Wat is er betrokken bij de diagnose van acidose?

Artsen gebruiken vaak een arteriële bloedgas (ABG) -test en een basismetabolisch profielbloedtest om een ​​acidosis -diagnose te stellen. De longen en de nieren zijn de belangrijkste zuur-/basisbuffers in het lichaam en deze tests geven in het algemeen aan welk systeem wordt beïnvloed. Verder testen onthult in het algemeen of medische aandoeningen of toxiciteit bijdragende factoren zijn. Diabetes, kanker, hart, nier en leverziekte, samen met longziekte kan acidose veroorzaken. Behandeling kan zuurstofsuppletie of infusies van natriumbicarbonaat omvatten om zure niveaus in het bloed te verlagen.

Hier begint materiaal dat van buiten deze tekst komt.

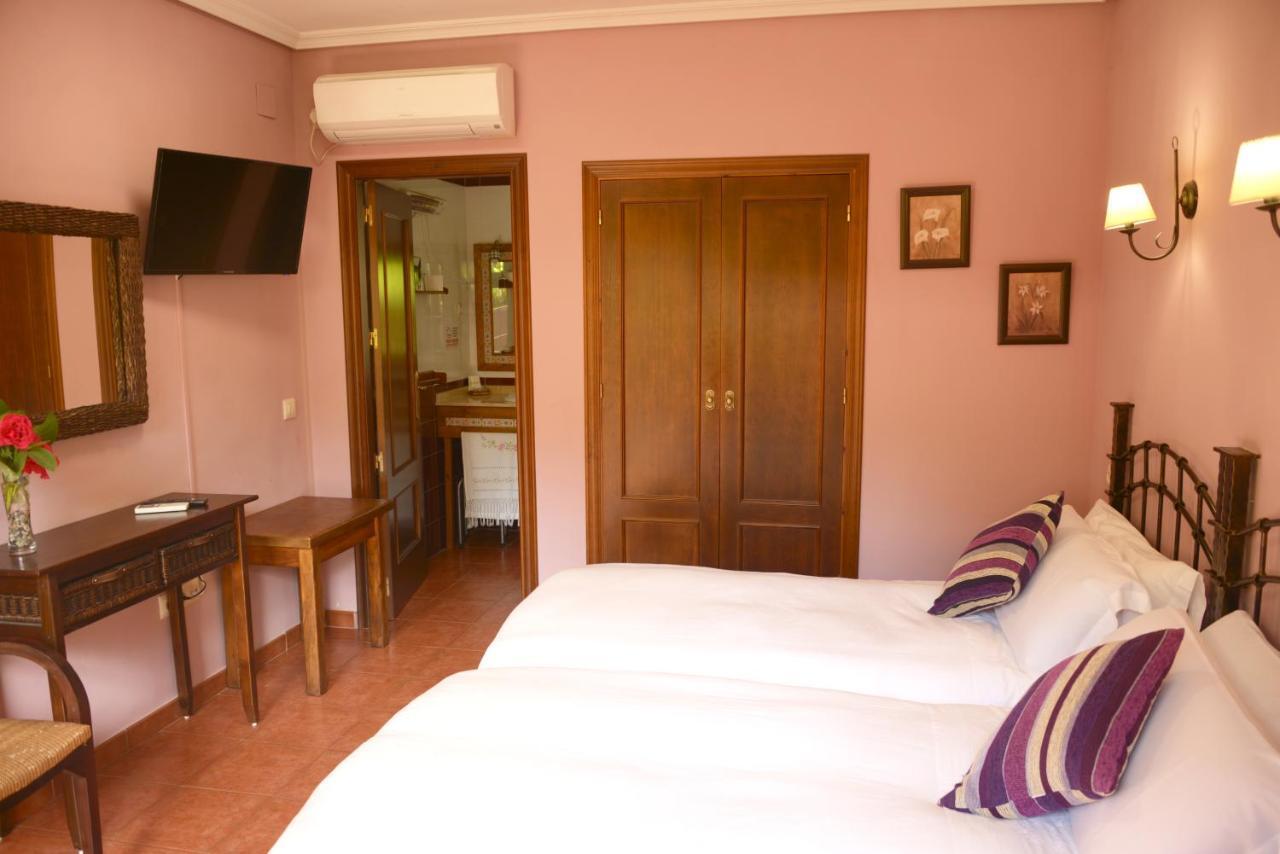 Hotel Rural El Retiro De San Pedro By Retirorural Arenas de San Pedro Extérieur photo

Wanneer zure niveaus in lichaamsvloeistoffen boven de normale niveaus stijgen, staat de aandoening bekend als acidose, die kan worden veroorzaakt door verhoogde niveaus van koolstofdioxide. De longen en de nieren handhaven om de beurt de balans van zuren en basen in het lichaam. Wanneer de longen niet genoeg zuurstof kunnen verwerven, nemen koolstofdioxidegehalte in de bloedstijging toe, waardoor de ademhalingszuur veroorzaakt. Wanneer dit gebeurt, proberen de nieren door iedereen te compenserenDankzij een toename van natriumbicarbonaat in de bloedbaan.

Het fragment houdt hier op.